Are you serious? Now that's shameful!
Speaking of Non-fiction, where is Harry Potter?
really surprised there's no Toni Morrison on the board's list.
Broadway Legend Joined: 6/19/06
Harry Potter - lol!
Anne Frank - wtf?
My god, you're right! No Morrison?
personally, i've never liked Toni Morrison's novels... i feel like she knows that she is such a good writer, and writes with such an ego and in a more difficult style just because she wants to show off that she can, not because it adds to the work...
I've never even heard of 60% of those books, and I'm an AVID reader. Not to mention Slaughterhouse-Five was probably THE worst book I have ever read, I despised it with a passion. Pretty useless list if you ask me
rent, it won many awards, and is in the curricula of many classes....not trying to defend it, but that's why it's on the lest.
Torch, there is a self indulgence in some of her work (especially Paradise, which was not), but Song of Solomon and Beloved are on my top list...and usually make it on these kinds of lists...just surprises me.
i don't understand why its necessary to put three James Joyce novels in the top 100. Ulysses, Portrait of the Artist, and Finnegan's Wake are very good, and innovative and whatever else... but I think there are so many other great novels that aren't so pretentious and "artsy" for the sake of being artsy...
Broadway Legend Joined: 9/19/05
Ayn Rand and L.Ron Hubbard at the top..
Nuff said.
First off, Slaughterhouse Five is one of the best books ever written and my #2 favorite book of all time.
Secondly, Their Eyes Were Watching God is a great novel.
Thirdly, 75% of the list is bull crap.
We're just reading Their eyes Were Watching god in English class.
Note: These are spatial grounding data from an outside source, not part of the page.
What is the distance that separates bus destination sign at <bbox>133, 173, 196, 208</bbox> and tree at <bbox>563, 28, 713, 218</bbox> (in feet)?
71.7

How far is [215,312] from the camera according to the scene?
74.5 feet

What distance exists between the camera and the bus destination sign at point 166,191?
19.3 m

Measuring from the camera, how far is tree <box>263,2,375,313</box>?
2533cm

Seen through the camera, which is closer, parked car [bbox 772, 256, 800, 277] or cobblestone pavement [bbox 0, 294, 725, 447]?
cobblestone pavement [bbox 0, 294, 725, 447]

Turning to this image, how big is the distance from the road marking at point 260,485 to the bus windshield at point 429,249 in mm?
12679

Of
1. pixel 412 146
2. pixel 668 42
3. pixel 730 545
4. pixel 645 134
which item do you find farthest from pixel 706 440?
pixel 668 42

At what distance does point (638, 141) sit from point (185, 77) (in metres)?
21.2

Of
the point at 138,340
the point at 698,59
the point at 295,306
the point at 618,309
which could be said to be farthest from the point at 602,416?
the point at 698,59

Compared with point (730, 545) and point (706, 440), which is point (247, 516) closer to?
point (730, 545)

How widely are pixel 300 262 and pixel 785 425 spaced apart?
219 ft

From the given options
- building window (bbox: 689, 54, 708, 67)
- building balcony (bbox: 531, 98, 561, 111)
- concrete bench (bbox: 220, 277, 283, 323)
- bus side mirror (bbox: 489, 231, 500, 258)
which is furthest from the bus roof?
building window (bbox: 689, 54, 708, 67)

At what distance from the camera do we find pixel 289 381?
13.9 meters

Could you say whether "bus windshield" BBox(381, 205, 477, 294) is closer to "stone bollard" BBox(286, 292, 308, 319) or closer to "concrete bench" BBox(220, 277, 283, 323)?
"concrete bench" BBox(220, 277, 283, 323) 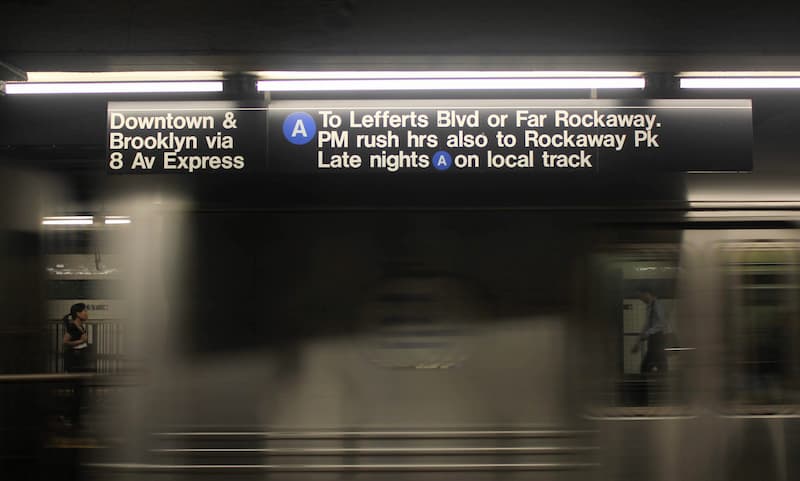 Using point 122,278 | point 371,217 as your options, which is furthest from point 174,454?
point 371,217

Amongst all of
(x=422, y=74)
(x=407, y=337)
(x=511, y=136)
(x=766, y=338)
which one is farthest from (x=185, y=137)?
(x=766, y=338)

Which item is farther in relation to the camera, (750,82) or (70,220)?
(750,82)

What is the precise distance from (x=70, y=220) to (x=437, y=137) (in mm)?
→ 2140

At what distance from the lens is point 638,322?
12.7 feet

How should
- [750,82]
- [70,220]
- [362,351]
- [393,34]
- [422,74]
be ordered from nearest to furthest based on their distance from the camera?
[362,351], [70,220], [422,74], [750,82], [393,34]

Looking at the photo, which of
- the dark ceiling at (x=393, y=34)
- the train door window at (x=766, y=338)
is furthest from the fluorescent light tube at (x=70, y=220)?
the train door window at (x=766, y=338)

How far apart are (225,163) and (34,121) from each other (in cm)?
212

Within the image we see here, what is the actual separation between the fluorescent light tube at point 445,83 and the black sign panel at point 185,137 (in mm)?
276

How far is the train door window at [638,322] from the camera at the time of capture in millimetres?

It is definitely an amazing book.
I've read 61 books on the Board's list. I guess I'm a literary snob.
I've read 22 of the Board's list, 25 of the readers' list. No Jane Eyre? No Dickens? All that Faulkner and Hemingway?
No Jane Eyre? No Dickens? All that Faulkner and Hemingway?
Keen, I think this list is the Modern Library’s picks for the “100 Best Novels of the 20th Century,” not “of All Time.”
I've read 30 off the board list.
I was relived that at least one Virginia Woolf and Edith Wharton book made the list -- but very disappointed that an Austen novel and To Kill a Mockingbird did not make the cut.
I'm annoyed that Mockingbird din't make the list, however I'm expecially pleased that the following did:
The Great Gatsby - F. Scott Fitzgerald (What an amazing novel, and it was #2!)
Invisible Man - Ralph Ellison
The Grapes of Wrath - John Steinbeck
Wide Sargasso Sea? Really?
I am surprised to see Zen And The Art of Motorcycle Maintenance on there, but it's definitely one of my favorite books, so that's good.
I've read 6 books from the Board's list, 6 from the Reader's list, and 11 from the Rival's list (a couple of them being duplicates). I've never heard of several of the books. I also agree with many of you that L. Ron Hubbard is most likely crap and should not be on any list of great books.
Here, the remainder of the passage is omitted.